Expanding the Pool of Teachers Policy
The state should provide an alternate route that is free from regulatory obstacles that limit its usage and providers.
Although Wisconsin does not place restrictions on providers, the state does limit the usage of its alternate routes.
Candidates may only apply to critical shortage content fields and difficult-to-staff geographic locations.
State regulations authorize colleges or universities, schools, school districts, Cooperative Education Service Agencies, consortia, technical colleges and/or private enterprises or agencies to provide alternate route programs.
PI 34.08 Experimental and innovative programs http://dpi.wi.gov/tepdl/doc/altprogindex.doc
Broaden alternate route usage.
Wisconsin should reconsider subject-area and geographic restrictions on its alternate routes. The state should provide a true alternative path to certification and eliminate requirements that alternate route teachers can only be hired if traditionally certified teachers cannot be found. Alternate routes should not be programs of last resort for hard-to-staff subjects, grade levels or geographic areas but rather a way to expand the teacher pipeline throughout the state.
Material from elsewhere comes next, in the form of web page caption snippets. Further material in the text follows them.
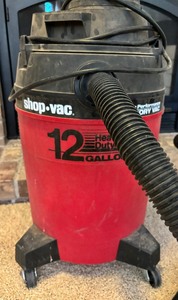 lot 114 image: 12 Gallon Shop Vac Heavy Duty Super Performance WetDry Vac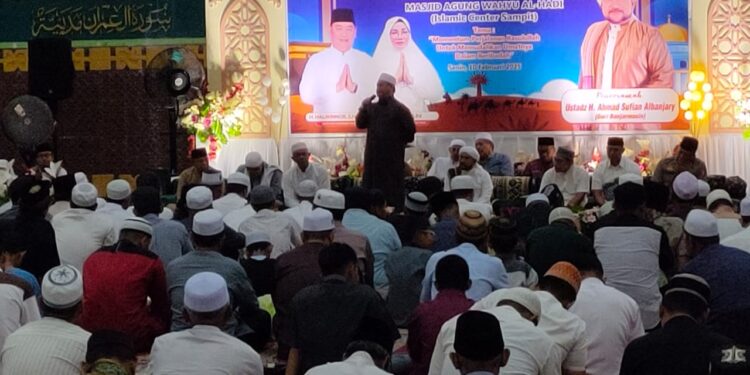 Foto: IST/MATA KALTENG - peringatan Isra Mi'raj di Masjid Agung Wahyu Al Hadi belum daerght=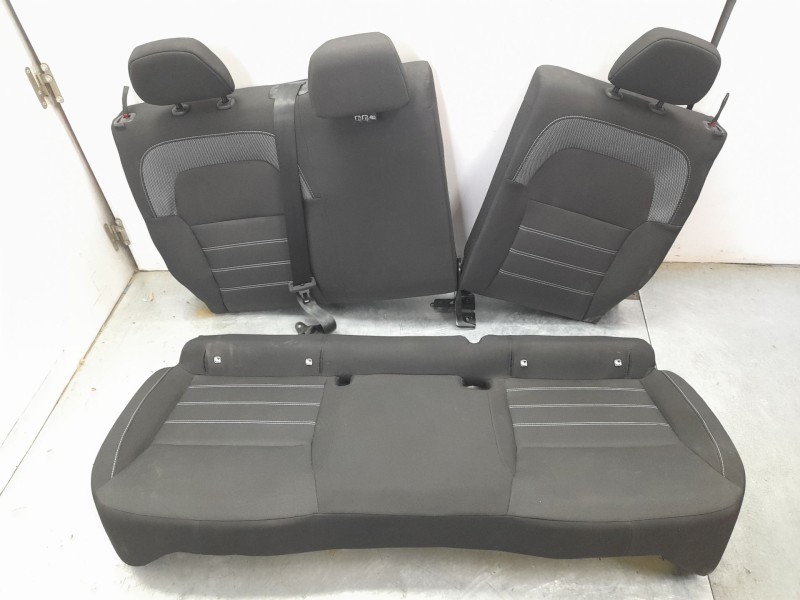 Recambio de juego asientos completo para dacia sandero iii 1.0 tce 90 eco-g referencia OEM IAM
Wisconsin asserted that the Alternative Route to Licensure program approval handbook provides further details on the state's alternate route programs. The state also contended that alternate route programs prepare applicants for full licensure in an accelerated format. "Candidates are employed in the same way as any candidate being prepared at a traditional program." Wisconsin added that alternate route program providers fill a needed pipeline niche in the state, preparing candidates in an accelerated format for shortage areas.
NCTQ was unable to locate the documents referenced in Wisconsin's response, and the state did not respond to requests for further clarification.